An attacker stole six million dollars from the Value DeFi platform, in the most recent episode of vulnerability detected in so-called decentralized finance services. The operator took advantage of the weaknesses of the system through arbitrage operations. After the malicious act, the person involved received pleas from two users to return the funds, something that was partially addressed.
The forensic report pointed out that the user took advantage of the vulnerability in the following way: he made a flash loan on the Aave platform for 80,000 ethers, about 36 million dollars at that time. The funds were used in part to buy 116 million DAI and 31 million Tether.
It subsequently exchanged 25 million DAI for the stablecoin mvUSD, 91 million DAI for USDC and 31 million USDT for 17 million USDC. The swaps were used to alter the price and method used for vault withdrawals used by Value DeFi.
The platform admitted that the vault code had not been audited and that the attacker took advantage of two vulnerabilities: “The deposit of users in the vault did not verify (the existence) of smart contracts in the ‘Bank’ layer”.
The second vulnerability would be related to the poor implementation of a convertibility function implemented without taking into account a potential fast loan attack, as highlighted in the post-mortem report.
Return of funds and the security of DeFi
According to information from Etherscan, the attacker returned $ 95,000 in DAI to two users who begged for their funds. It is about a nurse and a 19-year-old young man who left incoming messages on the Ethereum blockchain, the base network on which most DeFi works.
The nurse stated that she lost $ 100,000 in the attack and that it represented all of her life savings. The young man said that he learned his lesson after losing $ 200,000, which was creating a family “problem” since he had received the funds to obtain a “high performance.”
A nurse begged the attacker for the return of the $ 100,000 he lost from the Value Defi incident. Source: Etherscan.
The attacker responded by saying, “I don’t expect to get your money, but as we have seen, there are many people here who lack knowledge and caution, and sooner or later that money will be lost. Some wounds are painful, but very effective. I respect your work very much, have a good day.
The attacker said that there are people who lack “knowledge and caution” in handling funds. Source: Etherscan.
To mitigate losses, Value DeFi proposed creating a compensation plan that will have mixed financing to restore funds stolen by the attacker. The initiative would receive resources from the development fund, the insurance fund, and a portion of the fees currently generated by the protocol.
What happened caused the price of the VALUE token to plummet by more than 25%, going from $ 2.79 per unit last Friday to $ 1.90 on Saturday. At the time of publishing this article, its price is $ 2.03, according to CoinGecko metrics.
“Future vault releases will remain only in the audited code (v1) and the v2 (unaudited) will only be released after being heavily audited by public auditors and developers of public strength,” explained the platform.
Attacks on DeFi protocols have been recurring over the past year.

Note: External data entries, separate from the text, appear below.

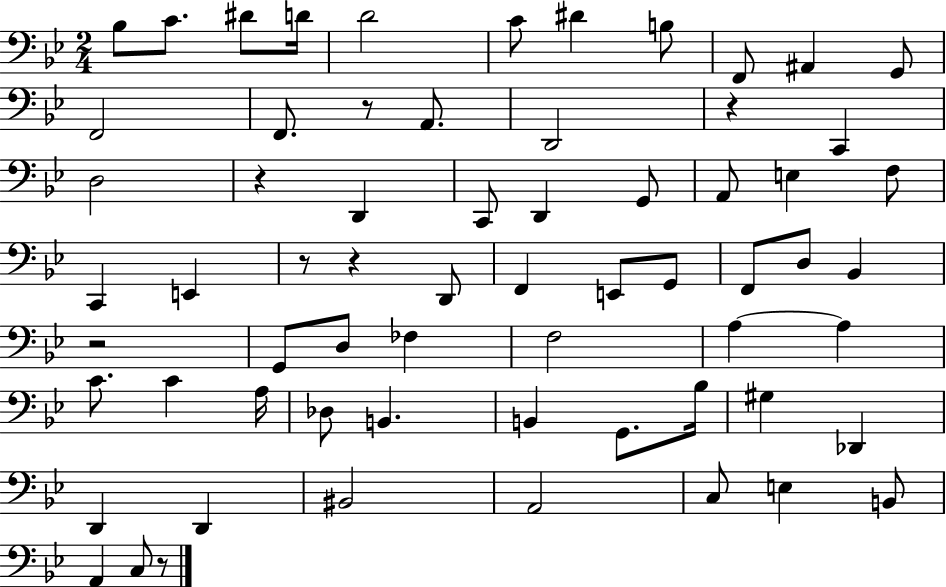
X:1
T:Untitled
M:2/4
L:1/4
K:Bb
_B,/2 C/2 ^D/2 D/4 D2 C/2 ^D B,/2 F,,/2 ^A,, G,,/2 F,,2 F,,/2 z/2 A,,/2 D,,2 z C,, D,2 z D,, C,,/2 D,, G,,/2 A,,/2 E, F,/2 C,, E,, z/2 z D,,/2 F,, E,,/2 G,,/2 F,,/2 D,/2 _B,, z2 G,,/2 D,/2 _F, F,2 A, A, C/2 C A,/4 _D,/2 B,, B,, G,,/2 _B,/4 ^G, _D,, D,, D,, ^B,,2 A,,2 C,/2 E, B,,/2 A,, C,/2 z/2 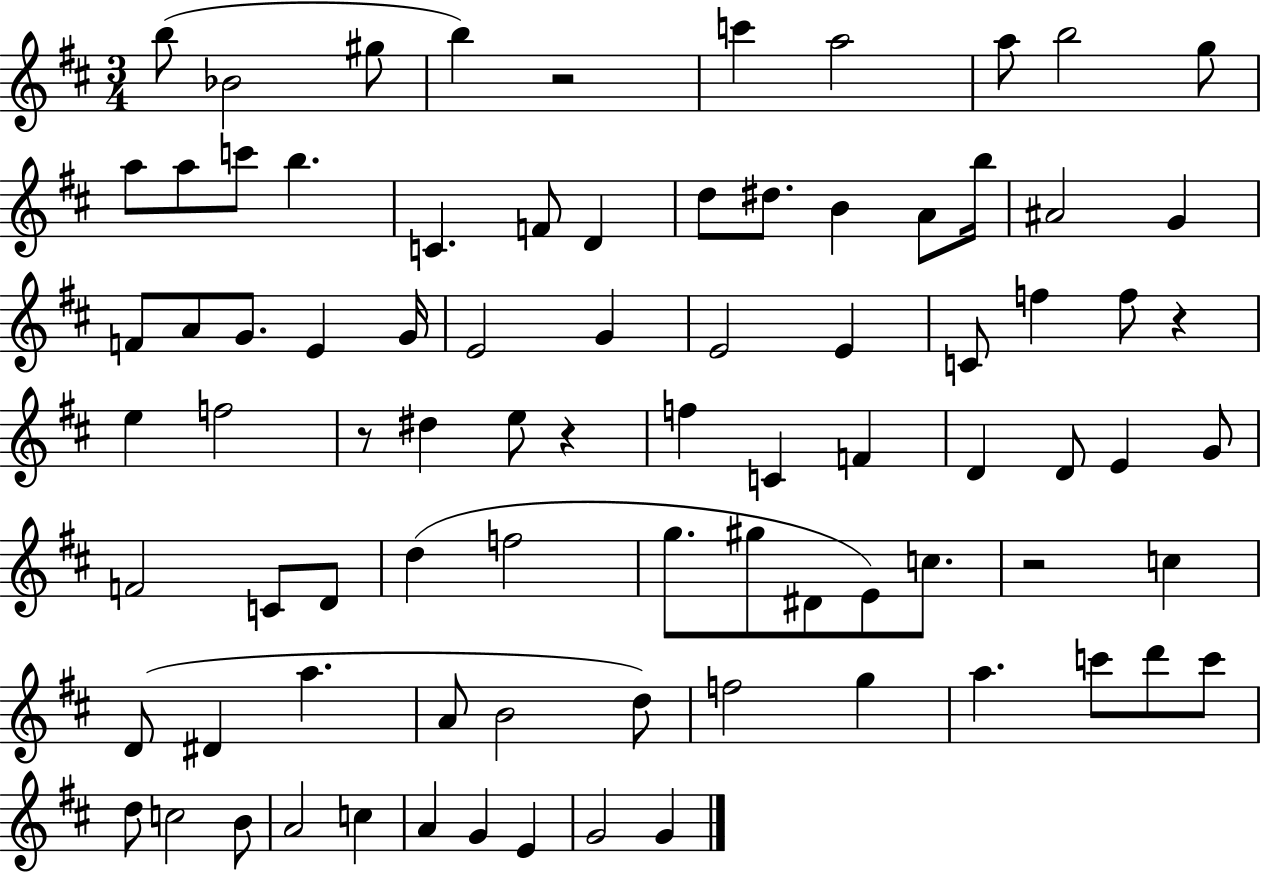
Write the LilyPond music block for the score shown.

{
  \clef treble
  \numericTimeSignature
  \time 3/4
  \key d \major
  b''8( bes'2 gis''8 | b''4) r2 | c'''4 a''2 | a''8 b''2 g''8 | \break a''8 a''8 c'''8 b''4. | c'4. f'8 d'4 | d''8 dis''8. b'4 a'8 b''16 | ais'2 g'4 | \break f'8 a'8 g'8. e'4 g'16 | e'2 g'4 | e'2 e'4 | c'8 f''4 f''8 r4 | \break e''4 f''2 | r8 dis''4 e''8 r4 | f''4 c'4 f'4 | d'4 d'8 e'4 g'8 | \break f'2 c'8 d'8 | d''4( f''2 | g''8. gis''8 dis'8 e'8) c''8. | r2 c''4 | \break d'8( dis'4 a''4. | a'8 b'2 d''8) | f''2 g''4 | a''4. c'''8 d'''8 c'''8 | \break d''8 c''2 b'8 | a'2 c''4 | a'4 g'4 e'4 | g'2 g'4 | \break \bar "|."
} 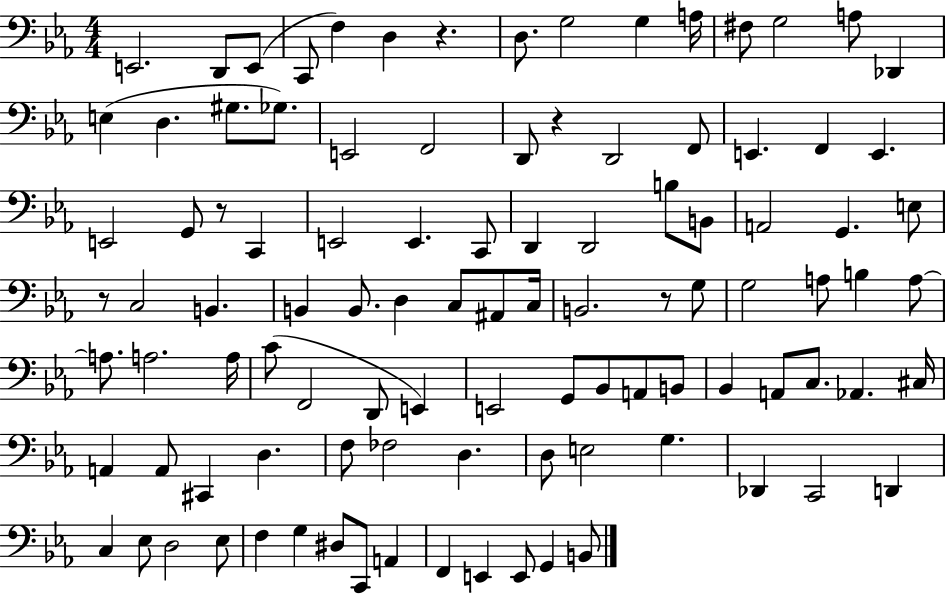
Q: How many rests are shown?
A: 5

Malicious operators they take advantage of the exposed weaknesses of these decentralized finance services within minutes. The Value DeFi situation came just two days after another service, Akropolis, suffered losses of 2 million DAI.
According to a report released by CriptoNoticias last week, in 2020 there have been fewer crimes with cryptocurrencies, but more hacks in DeFi. According to the firm CipherTrace, attackers have made 98 million dollars so far in 2020 by violating services of this type.
One of the most notorious cases recently was the DeFi Harvest protocol. The malicious operator stole $ 24 million after obtaining a $ 50 million flash loan from Uniswap and transacting on USDC and Tether (USDT), resulting in price swings that were exploited.